BEGIN
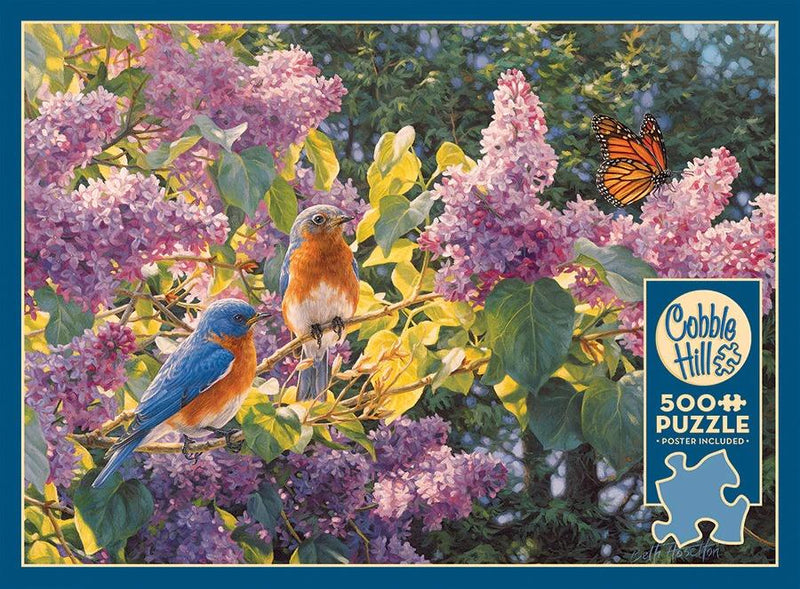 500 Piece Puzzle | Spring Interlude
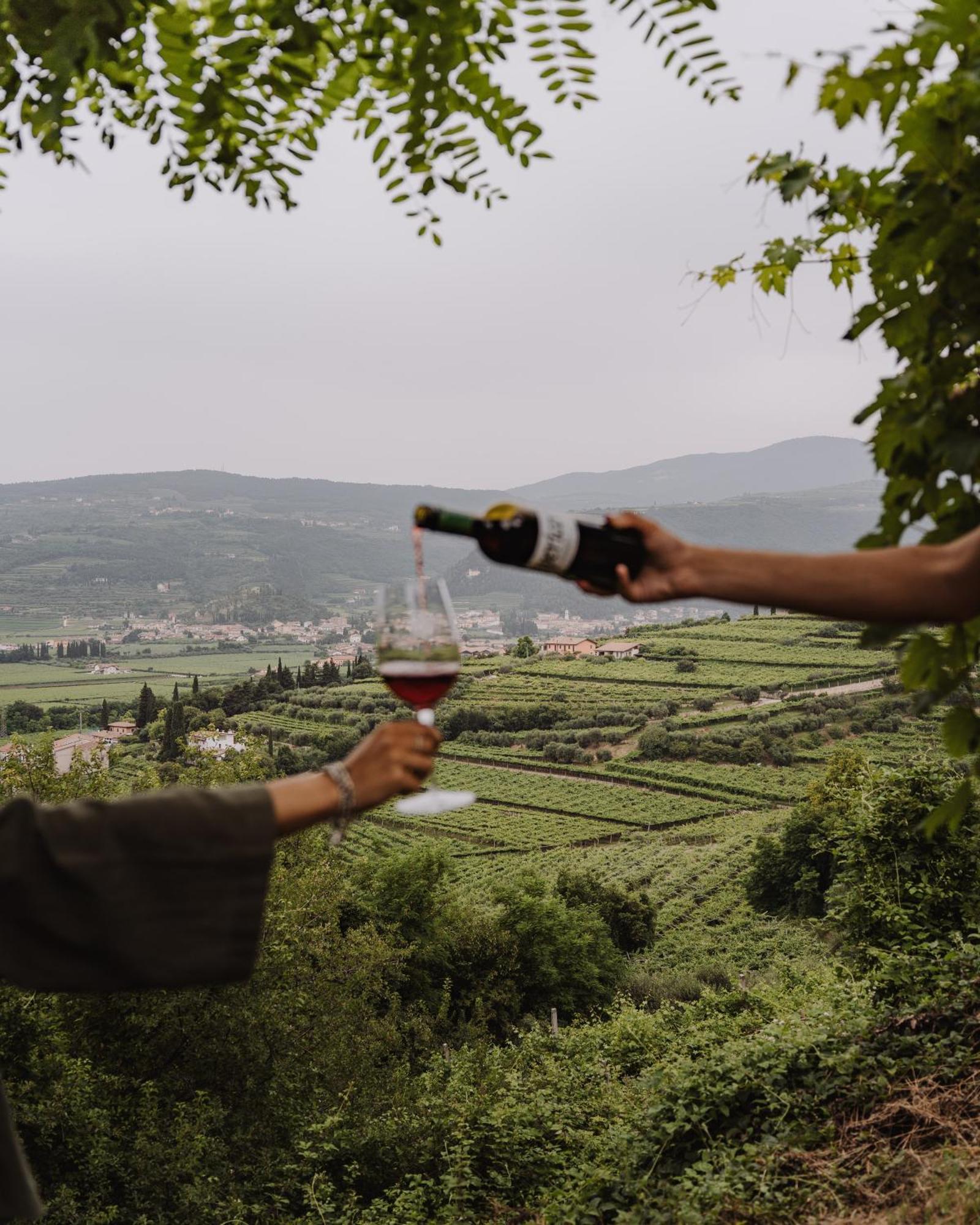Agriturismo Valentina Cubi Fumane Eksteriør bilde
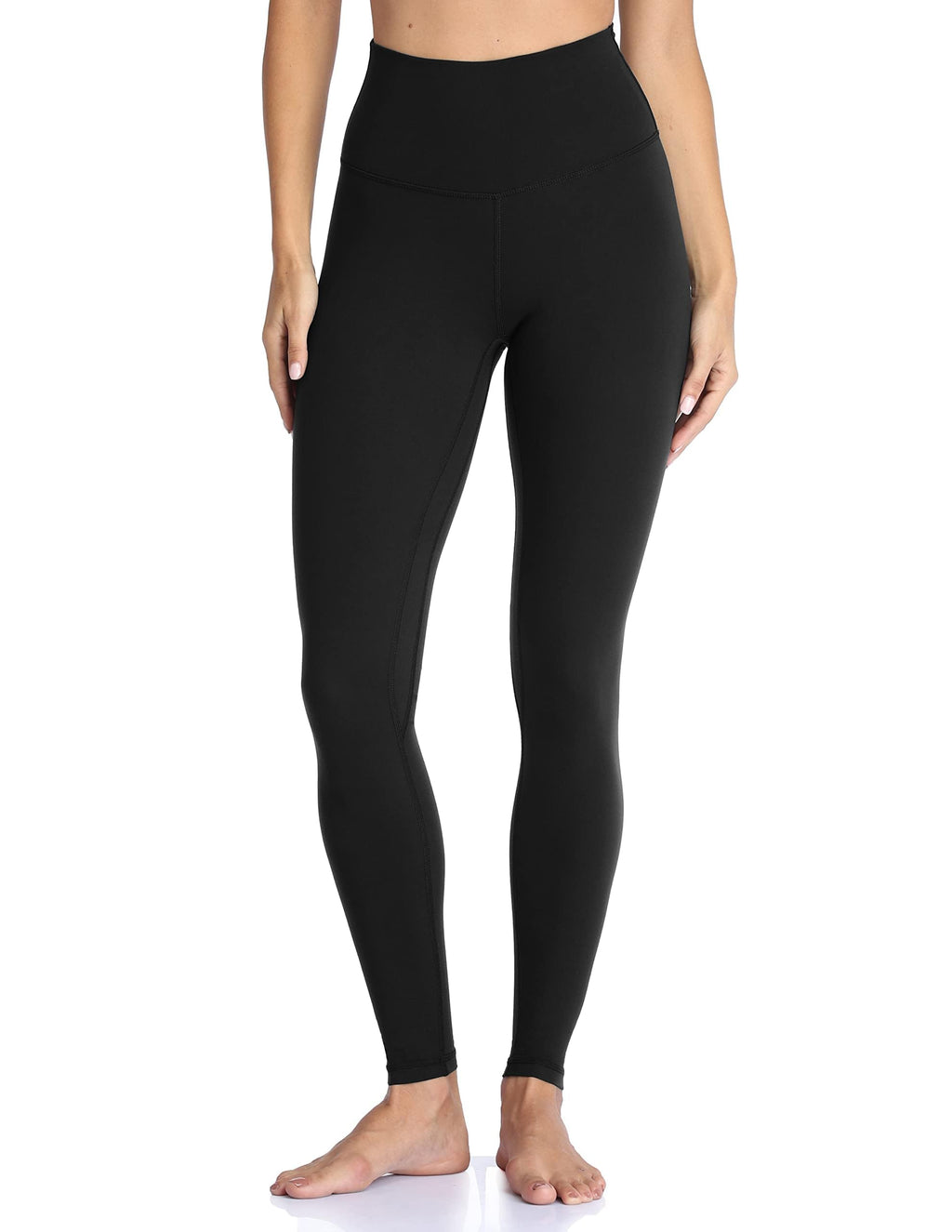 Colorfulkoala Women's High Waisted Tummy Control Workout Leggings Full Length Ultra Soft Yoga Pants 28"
END
What to do
When you copy the listing above, reproduce every line exactly and skip the images.

Exercise solution
 500 Piece Puzzle | Spring Interlude
Agriturismo Valentina Cubi Fumane Eksteriør bilde
 Colorfulkoala Women's High Waisted Tummy Control Workout Leggings Full Length Ultra Soft Yoga Pants 28"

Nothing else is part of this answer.